Nach Angaben des stellvertretenden Außenministers des Landes bleibt die Straße von Hormus, ein kritischer Engpass für die Schifffahrt, offen, allerdings mit Einschränkungen durch den Iran. Im Gespräch mit Reportern erklärte der hochrangige Beamte, dass die Wasserstraße zwar zugänglich sei, alle Schiffe ihre Bewegungen jedoch mit den iranischen Seestreitkräften koordinieren müssten, bevor sie die enge Meerenge passieren könnten.
Erhöhte Sicherheitsmaßnahmen
Die Äußerungen erfolgen vor dem Hintergrund anhaltender Spannungen in der Region, da der Iran versucht, seinen Einfluss auf die strategische Passage geltend zu machen.
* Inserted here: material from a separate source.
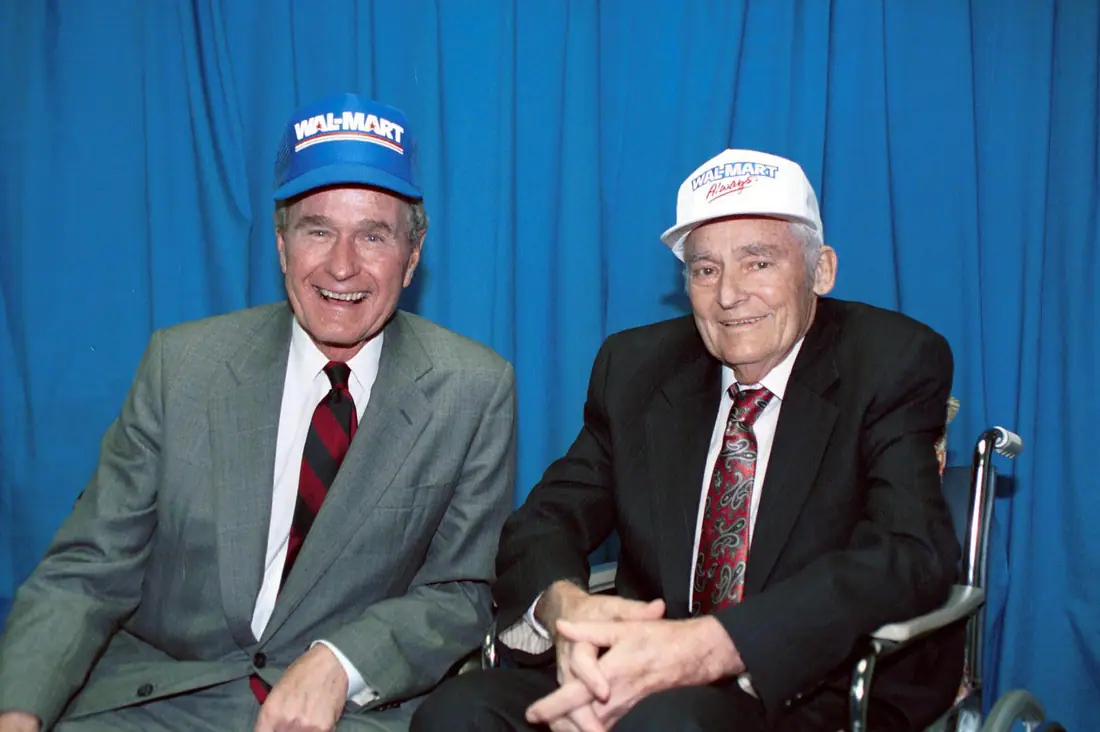 President George H. W. Bush presenting the Medal of Freedom to Sam Walton at a ceremony in Bentonville, Arkansas.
Die Straße von Hormus ist ein wichtiger maritimer Engpass, da schätzungsweise 20 % der weltweiten Ölversorgung durch ihre Gewässer fließen. Die Fähigkeit Irans, den Verkehr durch die Meerenge einzuschränken oder zu behindern, gibt den globalen Energiemärkten und der internationalen Schifffahrt seit langem Anlass zur Sorge.